** Records shown follows **

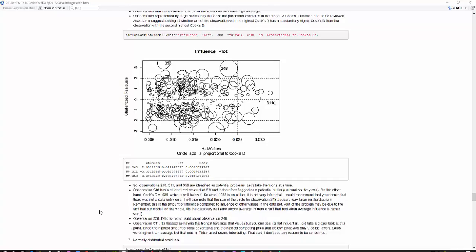And 3.11, it looks like, is flagged because it has the highest leverage value. It's the highest one in x, although it's still not very high compared to the standards that you might normally use. I did look at that point, and I thought it was an interesting point in the data set, but I really didn't see any reason to be concerned with it, just interested.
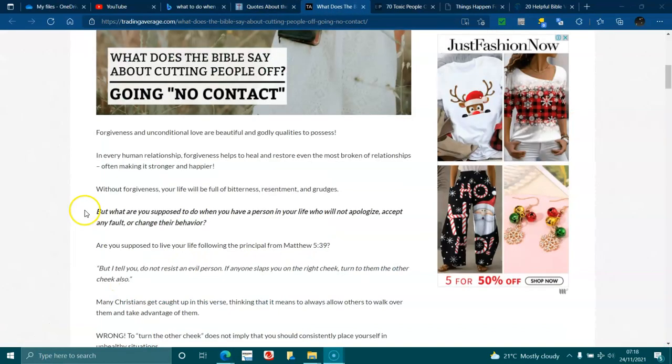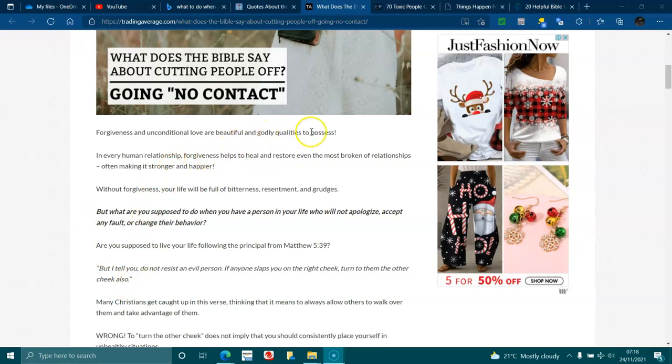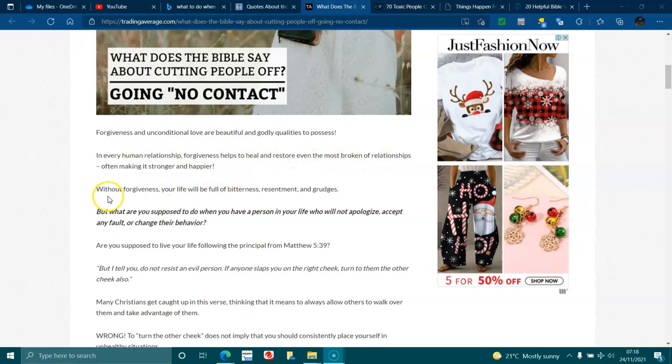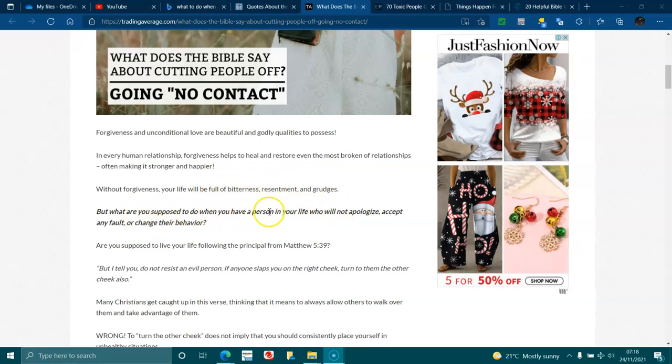What does the Bible say about cutting people off, going no contact? Forgiveness is an unconditional love and beautiful and godly quality to possess. In every human relation, forgiveness helps to heal or restore even the most broken of relationships, often making it stronger and happier. Without forgiveness, your life will be full of bitterness, resentment, and grudges. But what are you supposed to do when you have a person in your life who will not apologise, accept any fault, or change their behaviour?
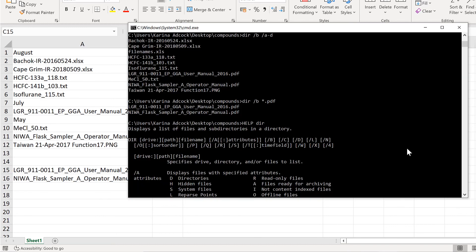In this video, I have shown you how to copy a list of files from a folder into Excel using Windows Command Prompt. And that is everything.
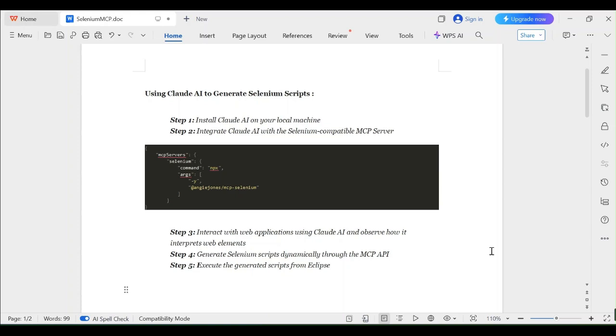Hello everyone, in this video we are going to see how to configure Cloud AI with Selenium MCP server. That is using MCP server, we are going to generate Selenium scripts from Cloud AI agent.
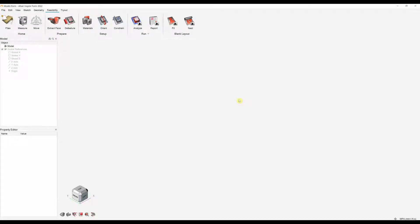In this video we're going to be looking at how we can set up a feasibility analysis within Altair Inspireform. Inspireform is a complete stamping simulation tool that allows engineers to simulate the stamping and forming process, which will help to identify defects before manufacture, leading to reduced costs and better products.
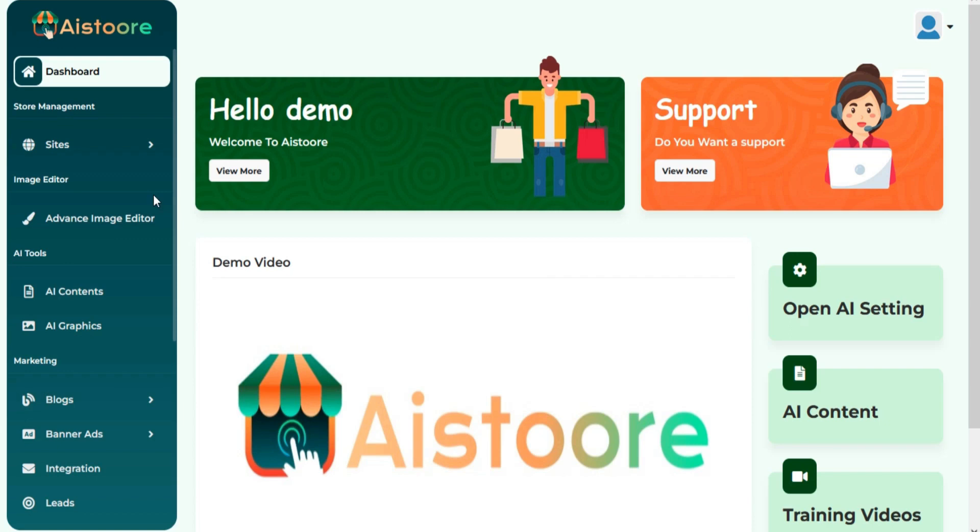Welcome to the AI Store training video series. In this tutorial, we are going to show you how to create a done-for-you Amazon Affiliate Site using AI Store.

** End of Records shown **

▸ Work item: Set down every record once more, word for word, without pictures.

▸ Solution for this problem:
And 3.11, it looks like, is flagged because it has the highest leverage value. It's the highest one in x, although it's still not very high compared to the standards that you might normally use. I did look at that point, and I thought it was an interesting point in the data set, but I really didn't see any reason to be concerned with it, just interested.
What does the Bible say about cutting people off, going no contact? Forgiveness is an unconditional love and beautiful and godly quality to possess. In every human relation, forgiveness helps to heal or restore even the most broken of relationships, often making it stronger and happier. Without forgiveness, your life will be full of bitterness, resentment, and grudges. But what are you supposed to do when you have a person in your life who will not apologise, accept any fault, or change their behaviour?
In this video, I have shown you how to copy a list of files from a folder into Excel using Windows Command Prompt. And that is everything.
Hello everyone, in this video we are going to see how to configure Cloud AI with Selenium MCP server. That is using MCP server, we are going to generate Selenium scripts from Cloud AI agent.
In this video we're going to be looking at how we can set up a feasibility analysis within Altair Inspireform. Inspireform is a complete stamping simulation tool that allows engineers to simulate the stamping and forming process, which will help to identify defects before manufacture, leading to reduced costs and better products.
Welcome to the AI Store training video series. In this tutorial, we are going to show you how to create a done-for-you Amazon Affiliate Site using AI Store.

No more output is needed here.